Maine Model UN Student Musings

unflag

After a large and impressive showing by Waynflete at the Maine Model UN Conference earlier this month, two student participants were asked why they participate in this time consuming activity.  Read on to learn what they had to say.

Althea Sellers ’17, Diplomacy Award

There is probably nothing I looked forward to more this year than Model UN. When the email went out letting us know it was time to sign up, I confirmed my enrollment seven minutes after it sent.

Last year as a freshman I signed up for Model UN on a whim, assuming that it would be fun and a good way to expose myself to the world of politics and diplomacy – an area that I was pretty sure I wanted to hold a career in someday. I went in completely blind. I’d written my position papers (short papers detailing your country’s stance on two assigned topics) but I knew next to nothing about what I was in for. Three days later, I was exhausted as I hauled my bag into my mom’s car, but I was also incredibly sad that I’d have to wait another year to have that amazing experience back.

Model UN exposes students to a world of roleplay in a sense. For three days, we get to pretend that we are a set of leaders, each of us working to make the world a better place while looking out for the interests of our countries. We draft resolutions and form voting blocs. We pass notes to people trying to recruit them and/or threaten them. We work outside of committee sessions and get so invested in our country that when Syria starts attacking the USA (us!), we have to remind ourselves that he isn’t trying to be rude to us, that’s just him doing a good job.

Sometimes in school it feels like we spend a lot of time learning the skills that we’re going to be using for the rest of our lives – which is obviously good and necessary, but maybe not always exciting. With Model UN, it’s as though you’ve already grown up and you’re doing things right in that minute. It’s up, up, up for three days and every minute a frenzy of excitement and fun.

I would say comfortably that signing up for Model UN my freshman year was one of the best decisions I’ve made in my high school career, and I’ve gotten so, so much out of these last two years. I plan to do Model UN for the next two and hopefully into college, and I feel so lucky that Model UN has such a big presence at Waynflete. It’s an amazing way to be.

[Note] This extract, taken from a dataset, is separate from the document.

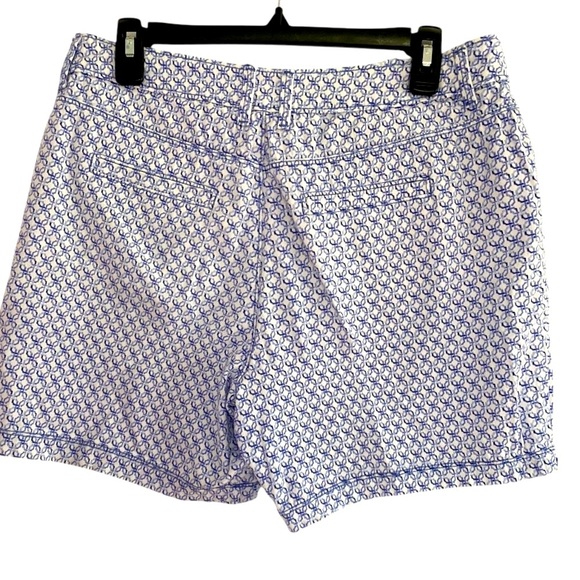 Blue white Patterned Women's Shorts Charter Club pockets zip button closure 8 - Picture 2 of 6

Cooper Bramble ‘16, Distinguished Delegate Award

Although I was at first a touch reluctant to sign up, I thoroughly enjoyed my first year of model UN in ninth grade. While I suppose many wonder what aspect Model UN is so interesting and how this activity manages to attract such a large portion of the Waynflete Upper School, at the risk of sounding mildly corny, I would ask the question: what about model UN is not interesting? Granted the accommodations and food might leave a little to be desired, but for me over the past three years I have enjoyed the entire process of assuming the role of a foreign diplomat. I have enjoyed pursuing the policies (policies that often seem to counter those of the United States) of the countries I have represented and debating with those who represent a different stance. Model UN has been an excellent experience and I would recommend it to just about anyone.

Abdi Dahir ’15, Honorable Mention

Maine Model UN is a conference for high schoolers and middle schoolers to step into the shoes of thousands of UN delegates around the world. We spend months studying and researching what goes on in the countries we are assigned to. We remove ourselves from any bias we have toward America and take on the role of a nationalist from the country we are representing. This is very hard and time-consuming work and isn’t required. One may ask: why is it worth it? I personally have been doing this conference for four years and would do it again if allowed. I’ve always wondered why it is so hard for countries around the world to agree with each other on, in my mind, simple topics like girls’ education and immigration but after attending this conference you learn the true hardships delegates go through. With cultures, religions, and ideals clashing it is close to impossible to come to equal terms. I’ve learned many lessons from Model UN that can shape my future in delegating problems I stumble upon and that is why I love going to these conferences.